We have to remind people that when there actually is a good and bad guy, we need to make certain we do not lose sight of that fact by trying to be “fair.” I was not automatically the bad guy simply because I am genetically gifted and the other guy wasn’t. In fact, he was definitively the bad guy, the one breaking the rules and playing dirty and even trying to deliberately injure his opponent. I simply retaliated within the rules.

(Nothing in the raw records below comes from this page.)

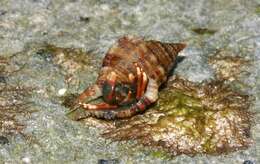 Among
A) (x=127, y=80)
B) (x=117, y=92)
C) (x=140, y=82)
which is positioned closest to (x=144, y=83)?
(x=140, y=82)

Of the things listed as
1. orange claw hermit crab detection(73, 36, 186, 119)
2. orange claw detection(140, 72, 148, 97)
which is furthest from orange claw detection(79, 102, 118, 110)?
orange claw detection(140, 72, 148, 97)

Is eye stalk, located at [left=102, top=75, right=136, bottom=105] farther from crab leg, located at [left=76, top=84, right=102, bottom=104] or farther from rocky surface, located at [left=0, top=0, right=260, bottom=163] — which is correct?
rocky surface, located at [left=0, top=0, right=260, bottom=163]

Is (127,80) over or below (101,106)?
over

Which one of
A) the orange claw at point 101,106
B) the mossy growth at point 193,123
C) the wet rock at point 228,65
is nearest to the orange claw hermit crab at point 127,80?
the orange claw at point 101,106

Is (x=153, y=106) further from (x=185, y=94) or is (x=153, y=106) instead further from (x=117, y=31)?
(x=117, y=31)

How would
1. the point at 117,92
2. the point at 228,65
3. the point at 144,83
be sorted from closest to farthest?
the point at 117,92 → the point at 144,83 → the point at 228,65

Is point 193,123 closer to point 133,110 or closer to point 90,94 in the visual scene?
point 133,110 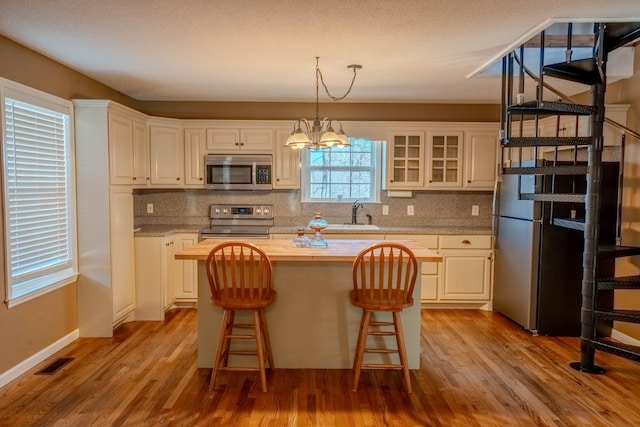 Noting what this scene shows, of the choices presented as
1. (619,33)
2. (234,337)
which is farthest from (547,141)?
(234,337)

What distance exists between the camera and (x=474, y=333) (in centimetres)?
392

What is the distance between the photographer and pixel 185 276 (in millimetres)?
4566

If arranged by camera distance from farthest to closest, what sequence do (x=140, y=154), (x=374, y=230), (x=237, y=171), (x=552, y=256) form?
(x=237, y=171) → (x=374, y=230) → (x=140, y=154) → (x=552, y=256)

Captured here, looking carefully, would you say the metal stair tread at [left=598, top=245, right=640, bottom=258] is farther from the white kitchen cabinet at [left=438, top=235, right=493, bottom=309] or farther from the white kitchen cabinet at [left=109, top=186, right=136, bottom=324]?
the white kitchen cabinet at [left=109, top=186, right=136, bottom=324]

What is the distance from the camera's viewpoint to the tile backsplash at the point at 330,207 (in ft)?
16.8

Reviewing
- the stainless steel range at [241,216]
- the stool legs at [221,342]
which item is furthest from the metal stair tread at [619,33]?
the stainless steel range at [241,216]

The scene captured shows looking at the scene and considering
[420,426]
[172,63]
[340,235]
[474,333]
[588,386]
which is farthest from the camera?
[340,235]

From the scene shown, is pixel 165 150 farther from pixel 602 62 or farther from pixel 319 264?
pixel 602 62

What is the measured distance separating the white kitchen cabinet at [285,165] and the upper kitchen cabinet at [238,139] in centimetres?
10

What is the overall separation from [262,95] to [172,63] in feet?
4.43

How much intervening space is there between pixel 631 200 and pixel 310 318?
292 centimetres

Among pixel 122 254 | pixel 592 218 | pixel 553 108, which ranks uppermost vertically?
pixel 553 108

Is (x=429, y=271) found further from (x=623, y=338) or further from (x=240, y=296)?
(x=240, y=296)

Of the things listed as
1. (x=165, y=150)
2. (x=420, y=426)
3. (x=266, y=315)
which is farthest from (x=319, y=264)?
(x=165, y=150) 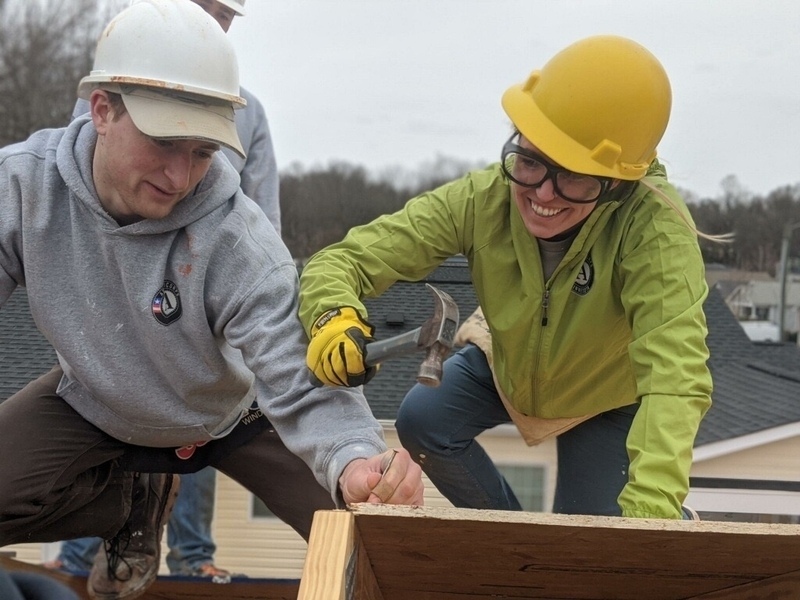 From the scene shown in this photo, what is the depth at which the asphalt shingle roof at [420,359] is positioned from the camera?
754cm

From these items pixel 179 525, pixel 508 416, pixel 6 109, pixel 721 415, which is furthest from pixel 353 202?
pixel 508 416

The bottom line is that I believe very strongly in fairness, but it must be real fairness. I believe in justice, but it must be real justice. I refuse to be someone who simply bases my morals and beliefs on a popularity contest. In fact often if everyone is agreeing on something I dig deeper to make damn sure it’s not flawed.

I don’t do this for money or for fame. If I wanted those things I would have taken another path, but I do want my beliefs to become mainstream, and this requires more people not just using the arguments but manifesting the truth behind them. I want people to think critically, to understand that fairness and justice are not just words but important concepts to live your life by.

2 thoughts on “Being Fair”

  1. Had a similar experience as a wrestler in high school. I was on top and behind my opponent with a cross face hold and this guy starts chewing on my forearm. The ref ignored it even though I said to him “Ref make this guy quit biting me”. We went out of bounds the ref looked at my forearm and I had a perfect dental impression on my arm including breaking the skin. He did nothing. So I went back into the match and had his right arm in a bar across his back and he was on his back. I put his hand on top of his head dislocating his shoulder. After declaring me the winner the ambulance took him away and he never wrestled again.

    The Islamofascist colonists are kind of like a bully in a schoolyard. They are smacking a much bigger guy in head with a rock and constantly running to the teacher to whine how we are about to hurt them for no reason.